Budget alert thresholds per team — with alerts routed to the team's Slack channel rather than to a central finance inbox — create accountability without creating bureaucracy. When the Payments team receives an alert that their projected monthly spend has crossed $180K with two weeks remaining in the month, the person who receives that alert is the person with the most context to act on it.

What platform engineering actually owns in FinOps

Platform engineering's FinOps responsibilities fall into two categories: infrastructure cost efficiency (the decisions they make directly, like instance type selection, cluster configuration, and shared service architecture) and cost visibility infrastructure (the systems that give product teams access to their attribution data).
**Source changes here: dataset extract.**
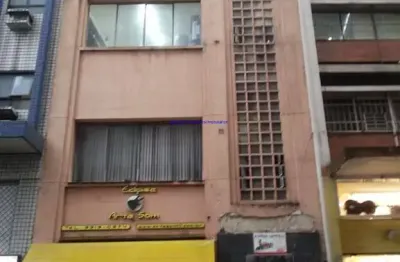 Prédio comercial 567m², com 3 andares, entrada privativa, 03 amplas salas com 140m² área útil cada, 06 banheiros e corredor, 189m² área total.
The most impactful platform engineering FinOps actions are the ones with large leverage: setting sensible default instance types in Terraform modules so product teams start from an efficient baseline rather than a permissive one; building cluster autoscaler and node pool configurations that right-size capacity dynamically rather than statically; designing shared service cost distribution models that give product teams honest visibility into the infrastructure they depend on.

These are not finance tasks delegated to engineers. They are engineering tasks that happen to have significant cost implications, handled by the team with the most context to do them well.